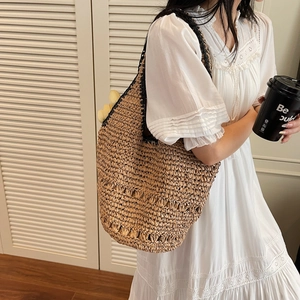 Detail of handwoven straw tote bag featuring contrast stitching and cut-out texture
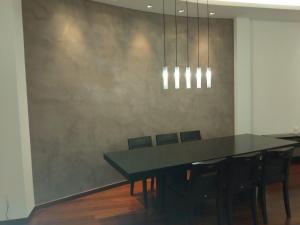 a dining room with a black table and chairs at Kings and Queens 2 in Larisa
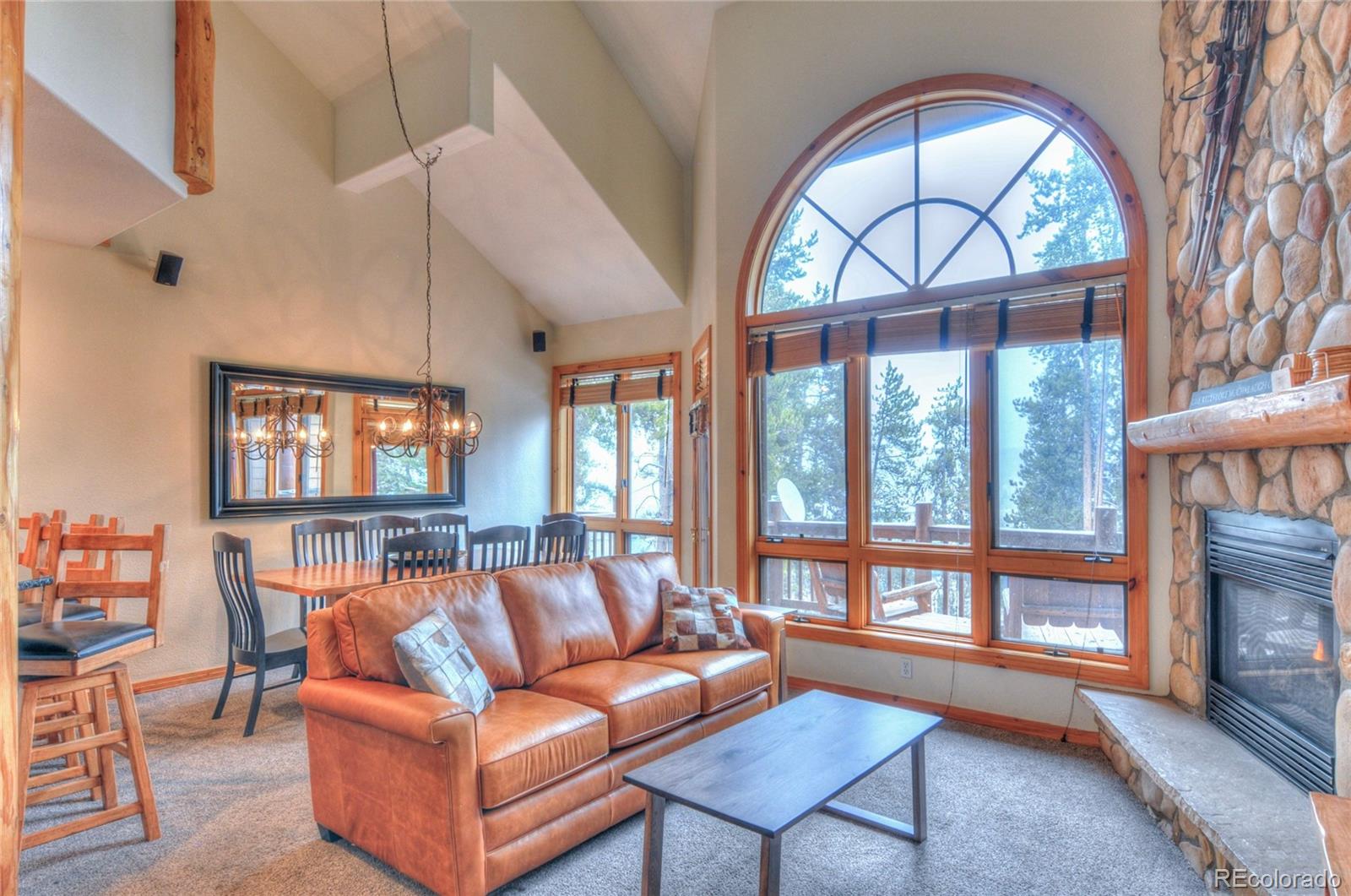 a living room with furniture a fireplace and a large window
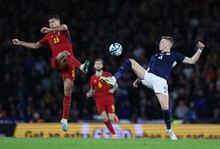 Soccer Football - UEFA Euro 2024 Qualifiers - Group A - Scotland v Spain - Hampden Park, Glasgow, Scotland, Britain - March 28, 2023 Spain's Rodri in action with Scotland's Scott McTominay REUTERS/Russell Cheyne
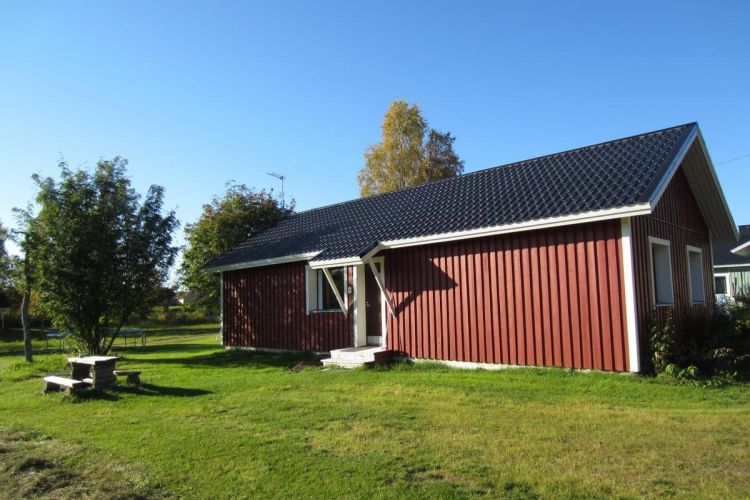 Pihatalo ulkoa kuvattuna, edustalla ulkoruokapöytä.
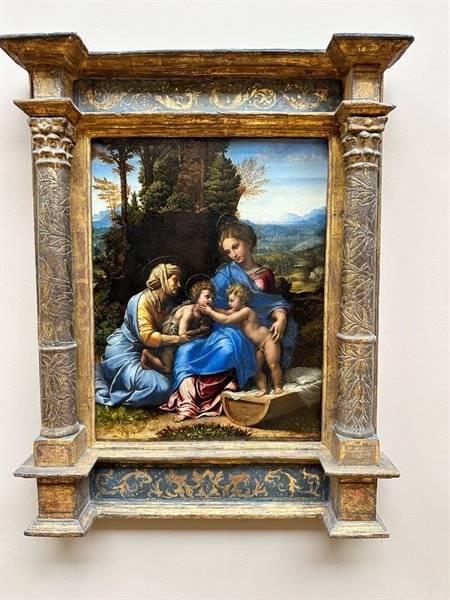 In front of a Renaissance Holy Family, enchanted by the colours.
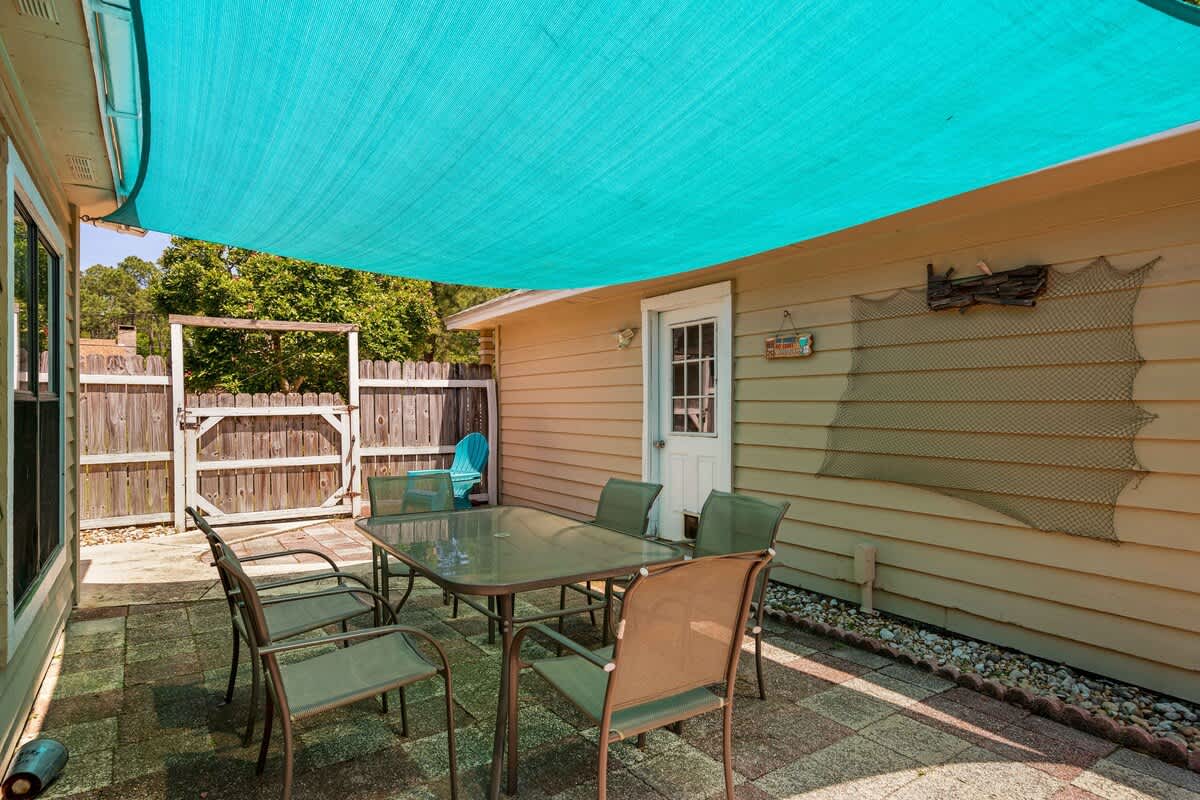 A paved patio area features a glass-top dining table with six chairs, shaded by a large turquoise sunshade. The area is adjacent to a light-colored house wall with a white door and a wooden fence in the background.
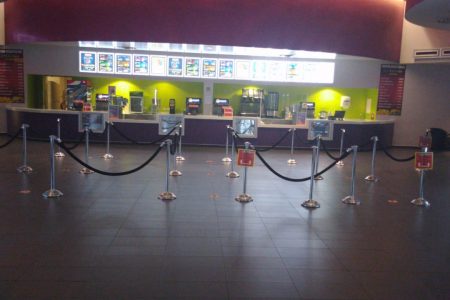 Distancing stickers in front of Caribbean Cinemas indicating where customers should stand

········

● Required work:
Take the line containing "a living room" as the first and the last line of the records as the end. Print every line in that span exactly, leaving out pictures.

● Answer:
 a living room with furniture a fireplace and a large window
 Soccer Football - UEFA Euro 2024 Qualifiers - Group A - Scotland v Spain - Hampden Park, Glasgow, Scotland, Britain - March 28, 2023 Spain's Rodri in action with Scotland's Scott McTominay REUTERS/Russell Cheyne
 Pihatalo ulkoa kuvattuna, edustalla ulkoruokapöytä.
 In front of a Renaissance Holy Family, enchanted by the colours.
 A paved patio area features a glass-top dining table with six chairs, shaded by a large turquoise sunshade. The area is adjacent to a light-colored house wall with a white door and a wooden fence in the background.
 Distancing stickers in front of Caribbean Cinemas indicating where customers should stand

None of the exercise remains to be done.